There is broad agreement among career scientists in the government that getting far more Americans to use rapid tests would be a big advance. “Rapid antigen testing at home, two to three times per week, is a powerful and convenient way for individuals to screen for Covid-19 infection,” Bruce Tromberg, director of the National Institute of Biomedical Imaging and Bioengineering at the National Institutes of Health, said in July. “With schools and businesses reopening, an individual’s risk of infection can change from day to day. Serial antigen testing can help people manage this risk and quickly take action to prevent spread of the virus,” he added.
There is broad agreement among career scientists in the government that getting far more Americans to use rapid tests would be a big advance.
Health policy experts, however, say that even a recent federal investment of $3 billion, meant to spur the production of enough rapid tests for all Americans who want to use them, is still inadequate.
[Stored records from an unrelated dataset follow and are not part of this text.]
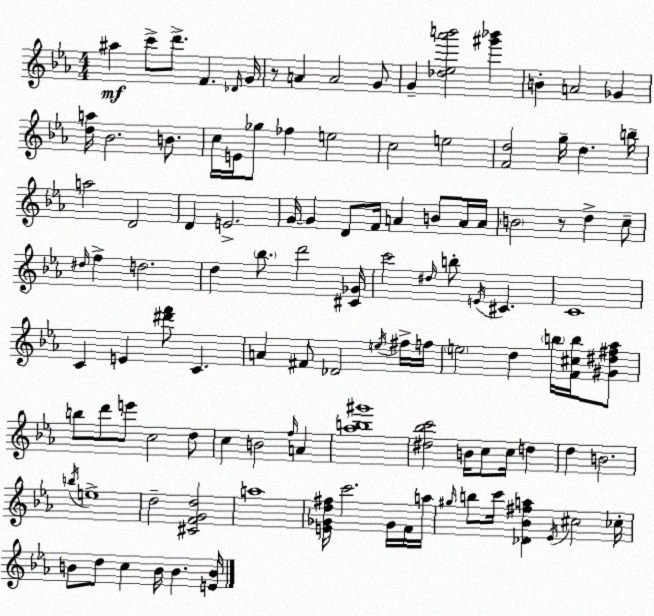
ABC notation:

X:1
T:Untitled
M:4/4
L:1/4
K:Cm
^a c'/2 d'/2 F _D/4 G/4 z/2 A A2 G/2 G [_d_e_a'b']2 [^g'_b'] B A2 _G [da]/4 _B2 B/2 c/4 E/4 _g/2 _f e2 c2 e2 [Fd]2 g/4 d b/4 a2 D2 D E2 G/4 G D/2 F/4 A B/2 A/4 A/4 B2 z/2 d c/2 ^d/4 f d2 d _b/2 d'2 [^C_G]/4 c'2 ^d/4 b/2 E/4 ^C C4 C E [^d'f']/2 C A ^F/2 _D2 e/4 ^f/4 f/4 e2 d b/4 [F^cb]/4 [^G^d^f_a]/2 b/2 d'/2 e'/2 c2 d/2 c B2 f/4 A [_ab^g']4 [^d_bc']2 B/4 c/2 c/4 d d B2 b/4 e4 d2 [^CFGd]2 a4 [E_Gd^f]/4 c'2 _G/4 F/4 a/4 ^g/4 b/2 c'/4 [_D_B^fa] _E/4 ^c2 _c/4 B/2 d/2 c B/4 B [EB]/4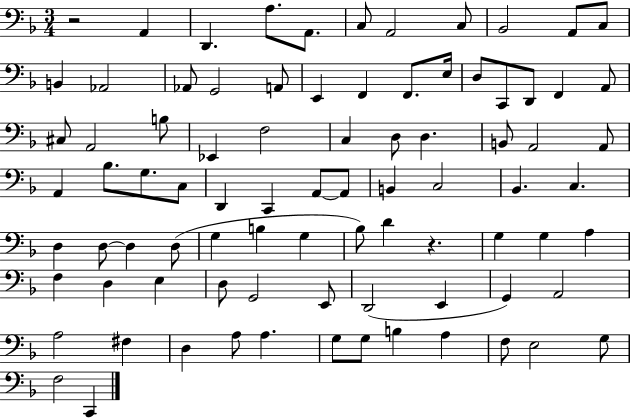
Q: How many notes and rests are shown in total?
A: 85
In October, the Department of Health and Human Services estimated that “President Biden’s recent announcement to quadruple supply of at-home tests by the end of the year by investing a total of $3 billion in rapid testing” would lead to a supply of “up to 200 million at-home tests per month by the end of the year.”
When the FDA approved the use of the Acon Laboratories Flowflex home test, that estimate was increased to a potential supply of 300 million rapid tests being produced in the U.S. each month by February. But as Lindsey Dawson, an associate director at the Kaiser Family Foundation, wrote last month: The “new U.S. investment, even if resulting in 300 million rapid tests per month, would be less than one test per month per person in the U.S. For two times per week testing, it would cover less than 40 million individuals. If everyone older than 11 were tested twice per week per the UK’s recommendation, we would need 2.3 billion tests per month. If just half the U.S. population tested weekly, that would translate to a need for more than 150 million tests per week, around 600 million per month.”
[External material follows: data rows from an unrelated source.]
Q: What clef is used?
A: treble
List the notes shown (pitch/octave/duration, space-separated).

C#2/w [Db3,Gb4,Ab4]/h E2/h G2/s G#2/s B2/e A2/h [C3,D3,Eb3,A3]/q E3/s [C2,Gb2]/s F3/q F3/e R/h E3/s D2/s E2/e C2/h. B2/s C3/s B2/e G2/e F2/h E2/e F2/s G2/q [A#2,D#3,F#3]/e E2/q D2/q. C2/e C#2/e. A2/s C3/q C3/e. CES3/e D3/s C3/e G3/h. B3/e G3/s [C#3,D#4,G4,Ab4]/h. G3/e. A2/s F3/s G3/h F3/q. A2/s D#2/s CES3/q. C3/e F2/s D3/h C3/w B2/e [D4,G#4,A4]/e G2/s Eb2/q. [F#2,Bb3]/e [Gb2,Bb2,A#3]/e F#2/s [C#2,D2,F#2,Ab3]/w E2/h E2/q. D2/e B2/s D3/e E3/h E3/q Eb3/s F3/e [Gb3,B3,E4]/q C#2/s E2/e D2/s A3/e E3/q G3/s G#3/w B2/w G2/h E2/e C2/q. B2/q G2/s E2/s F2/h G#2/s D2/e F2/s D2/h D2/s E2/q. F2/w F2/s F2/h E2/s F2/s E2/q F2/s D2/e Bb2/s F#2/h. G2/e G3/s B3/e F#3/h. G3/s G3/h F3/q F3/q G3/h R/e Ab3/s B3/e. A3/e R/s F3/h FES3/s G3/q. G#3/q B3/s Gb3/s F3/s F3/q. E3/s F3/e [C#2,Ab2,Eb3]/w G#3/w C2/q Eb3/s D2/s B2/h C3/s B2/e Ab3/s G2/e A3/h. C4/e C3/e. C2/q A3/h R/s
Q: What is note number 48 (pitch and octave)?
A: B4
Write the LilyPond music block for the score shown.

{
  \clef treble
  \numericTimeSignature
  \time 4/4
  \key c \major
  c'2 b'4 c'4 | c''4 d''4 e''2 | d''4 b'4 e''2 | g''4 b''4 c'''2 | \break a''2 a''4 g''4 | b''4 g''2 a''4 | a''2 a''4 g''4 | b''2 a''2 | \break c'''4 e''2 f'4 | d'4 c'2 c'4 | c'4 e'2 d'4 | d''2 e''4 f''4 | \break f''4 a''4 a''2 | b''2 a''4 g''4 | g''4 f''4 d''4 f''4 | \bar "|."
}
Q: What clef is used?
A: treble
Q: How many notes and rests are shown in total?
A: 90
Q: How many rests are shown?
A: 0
To reach that number of tests, the cost to consumers will have to plummet, but there is currently no sign that the Biden administration has any plans to compel the companies that make the tests to slash prices in a way that would dent their profits.
“I just did a BBC interview. The host said that in the U.K. you can just walk into a pharmacy and pick up free tests,” Craig Spencer, an emergency medicine doctor in New York who teaches public health at Columbia University, tweeted last week. “I informed him that at-home tests in the US cost $8-$10 each — if you can find them — and I’m not sure but I think maybe his head exploded.”
“But don’t worry, next month in the U.S., if you’re lucky enough to have private health insurance, you MIGHT have the opportunity to submit the costs of SOME at-home tests to an insurance company whose only motive is profit,” Spencer added.